The Walking Dead Pinball Coming Soon From Stern

arcadehero August 27, 2014 6

As you well know it has been a busy year for pinball, with the end of the year looking to be the busiest in terms of new releases since the beginning of the century. For Stern’s part, they have already released their Mustang pinball machine around March and they have re-made a couple of their recent titles, Iron Man and AC/DC which uses their new hardware system.

For a little while there have been rumors about their next title, The Walking Dead Pinball, based upon the popular cable TV show. Today there are a few sources confirming that this is their next game, although we do not have a picture of the machine yet.

First, a user on the Pinside Forums posted a picture of an insert from the Blu-Ray of The Walking Dead Season 4. If you scan the QR code and go to the website, it takes you here.

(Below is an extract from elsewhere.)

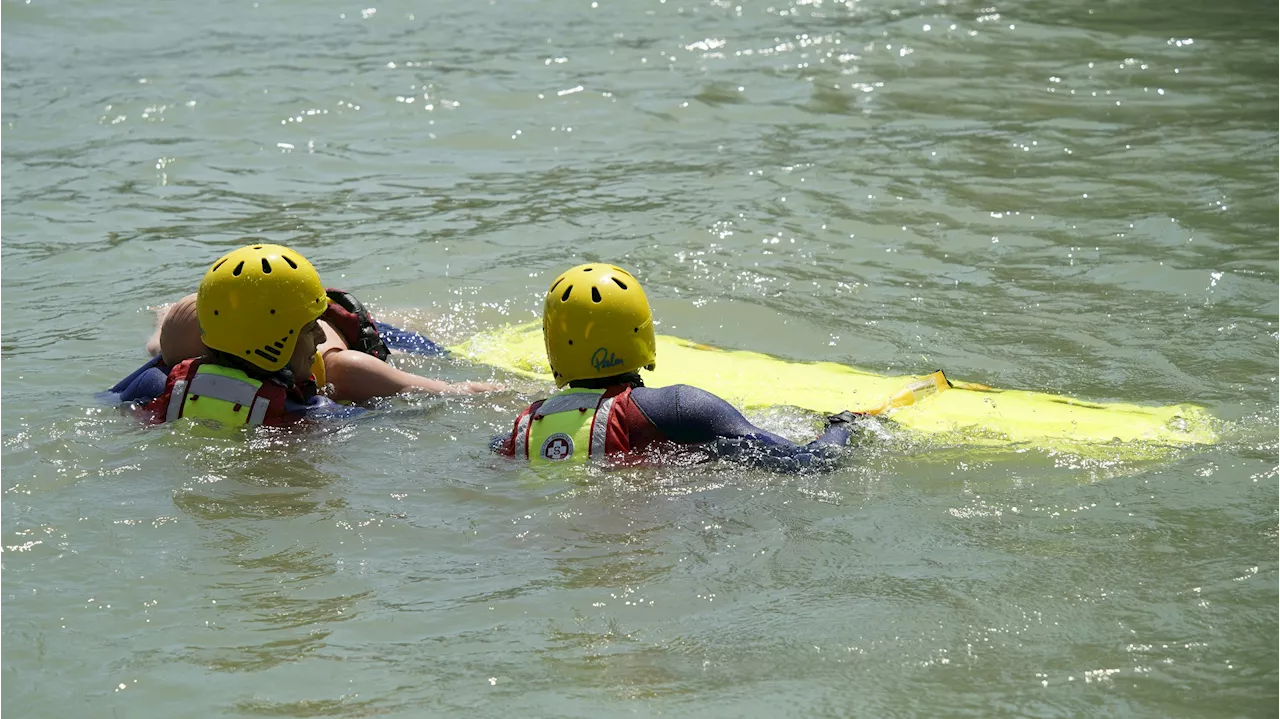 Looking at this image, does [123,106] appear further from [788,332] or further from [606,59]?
[788,332]

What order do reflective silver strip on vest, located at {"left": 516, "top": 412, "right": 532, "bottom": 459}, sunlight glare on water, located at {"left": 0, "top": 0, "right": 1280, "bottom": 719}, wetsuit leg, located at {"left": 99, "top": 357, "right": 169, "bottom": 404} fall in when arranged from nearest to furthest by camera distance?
sunlight glare on water, located at {"left": 0, "top": 0, "right": 1280, "bottom": 719} → reflective silver strip on vest, located at {"left": 516, "top": 412, "right": 532, "bottom": 459} → wetsuit leg, located at {"left": 99, "top": 357, "right": 169, "bottom": 404}

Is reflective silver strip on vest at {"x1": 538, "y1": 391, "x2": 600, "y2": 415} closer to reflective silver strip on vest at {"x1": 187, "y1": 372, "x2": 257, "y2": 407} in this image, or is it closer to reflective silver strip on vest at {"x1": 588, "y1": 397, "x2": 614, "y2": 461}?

Also from that thread users state that this has been designed by John Borg (Metallica, TRON, Indiana Jones and others) and it does not use the LCD

Stern also posted this image to their Facebook page:

twdpinpromo

 

We will be keeping an eye out for the cabinet pics, where I will update this post with the appropriate information as soon as I get it.


6 Comments »

  1. voltz15 August 27, 2014 at 10:35 pm - Reply

    I was kinda hoping we’d get a Resident Evil or House of the Dead pinball first, but I guess it has to be an “outside” (nudge, wink) license.
    Which reminds me, what does Stern have against making original IP’s anymore?

    • arcadehero August 28, 2014 at 9:36 am - Reply

      I don’t recall links to direct commentary on licenses vs. non-licensed but it boils down to the same reasons that companies like Raw Thrills and Sega are going the same route:

      1) Built-in name recognition for easy & cheap marketing
      2) Built-in basis for gameplay/game mechanics
      3) Less risk in winner vs. loser concepts
      4) Not much cost involved in obtaining the licenses

      The assumption from a marketing stand point is that the game will sell itself better and easier with a name that people know attached to it plus it gives the license holder incentive to promote it – although it seems that license holders do a very tepid job at that generally. It was a little surprising to see that Blu-Ray insert for TWD as often there is next to zero promotion from the company IP holders as they probably figure that it is the job of the manufacturer to really do that.

      At the end of the day non-licensed requires a bit more work to get people out to play the games and is a bigger investment risk to bank on and we know how great arcade companies are at hype/viral marketing 😉 Although Stern has done quite well in the marketing circuit after their renovations. But I also wouldn’t be surprised if there is a hint of ‘the best selling pins of all time used licenses and we don’t see any interest out there for non-licensed games’. So it will be telling how games like Jersey Jack’s non-license, Heighway’s Full Throttle and VonnieD’s Pinball Gremlins do compared to licensed titles.

      • voltz15 August 28, 2014 at 4:23 pm - Reply

        That does make a good number of points as advertising with licensing does go a ways to carry product further. On the flip side, it very well spells doom and gloom for the likelihood that we’ll see original tables ever being produced again. The mentality that goes with the business side of things will also take measures to do so in preventing that, which goes a ways to effect this industry as a whole.

        • arcadehero August 28, 2014 at 5:37 pm -

          Well I don’t think all hope is lost. As mentioned, there are a few original themes in development right now. What will be telling is how successful they are. Then again, one issue that can certainly happen is that a few of them are releasing around Oct/Nov this year along with a couple of other licensed ones (That period should see releases for The Hobbit, maybe something new by Stern, Pinball Gremlins and Full Throttle pinball. Pretty full list). So it is possible that something could under-perform not because of the theme but because of the many choices available right at that time. But the industry would likely look at it being the original theme as the reason for any failure and not the busy release schedule so who knows.

      • chaos August 29, 2014 at 1:11 am - Reply

        Whatever happened to Ben Heck’s zombie pinball? I tried searching for some info on that and didn’t find much other than the pages that were linked here on AH.

    • Steffen September 4, 2014 at 12:13 pm - Reply

      Gary Stern has stated in the past that he pays about 50 Dollars per machine for the license of a theme.

      That’s 50 Dollars for graphics, sound and the advertising power of the license.

      Also remember that Stern tried some own themes in the past with Striker Xtreme and High Roller Casino. They are non-licensed games with pretty timeless themes for a pinball like soccer and gambling. Granted, they are both nowhere close to brilliant but they are also not better oder worse than other games of Stern in that era.

      So Gary probably got a hint from his sales figures back then which way to choose.